• ASSIGNED TASK: With the pictures left out, print exactly the lines below that run from the one containing "This means no" through the one containing "Another option is".

--- DATASET ---

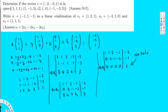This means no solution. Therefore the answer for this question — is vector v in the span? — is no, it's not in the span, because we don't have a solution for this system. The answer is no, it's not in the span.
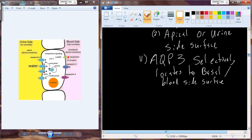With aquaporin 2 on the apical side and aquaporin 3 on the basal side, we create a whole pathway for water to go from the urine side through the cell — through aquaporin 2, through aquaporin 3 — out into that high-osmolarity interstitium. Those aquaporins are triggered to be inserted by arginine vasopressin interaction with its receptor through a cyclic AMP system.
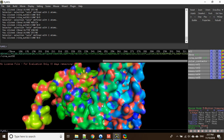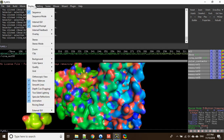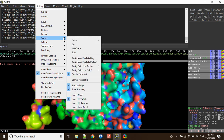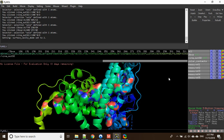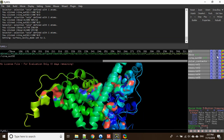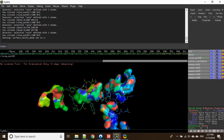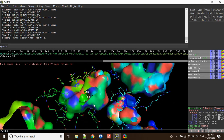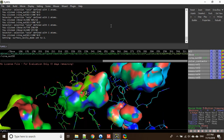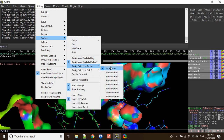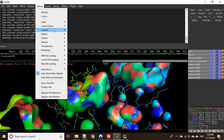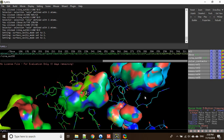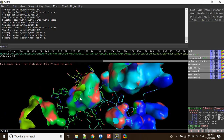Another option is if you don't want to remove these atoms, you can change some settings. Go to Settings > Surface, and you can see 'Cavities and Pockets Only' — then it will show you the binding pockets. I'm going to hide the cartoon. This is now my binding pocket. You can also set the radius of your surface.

---
--- DATASET ---

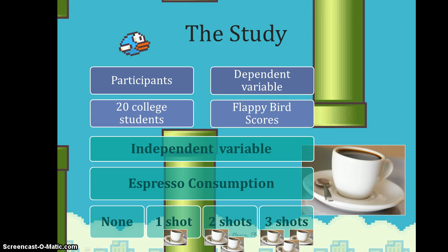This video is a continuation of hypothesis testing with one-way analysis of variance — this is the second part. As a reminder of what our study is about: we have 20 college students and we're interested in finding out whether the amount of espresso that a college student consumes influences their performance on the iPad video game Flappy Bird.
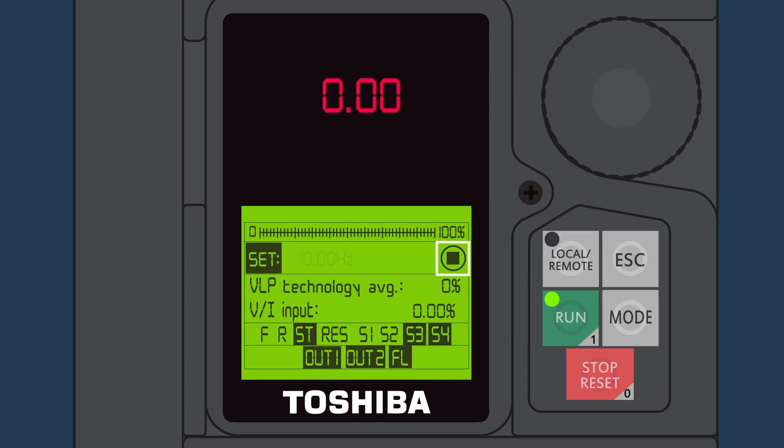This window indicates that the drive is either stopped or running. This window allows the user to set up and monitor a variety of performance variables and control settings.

---

• EXERCISE RESPONSE:
This means no solution. Therefore the answer for this question — is vector v in the span? — is no, it's not in the span, because we don't have a solution for this system. The answer is no, it's not in the span.
With aquaporin 2 on the apical side and aquaporin 3 on the basal side, we create a whole pathway for water to go from the urine side through the cell — through aquaporin 2, through aquaporin 3 — out into that high-osmolarity interstitium. Those aquaporins are triggered to be inserted by arginine vasopressin interaction with its receptor through a cyclic AMP system.
Another option is if you don't want to remove these atoms, you can change some settings. Go to Settings > Surface, and you can see 'Cavities and Pockets Only' — then it will show you the binding pockets. I'm going to hide the cartoon. This is now my binding pocket. You can also set the radius of your surface.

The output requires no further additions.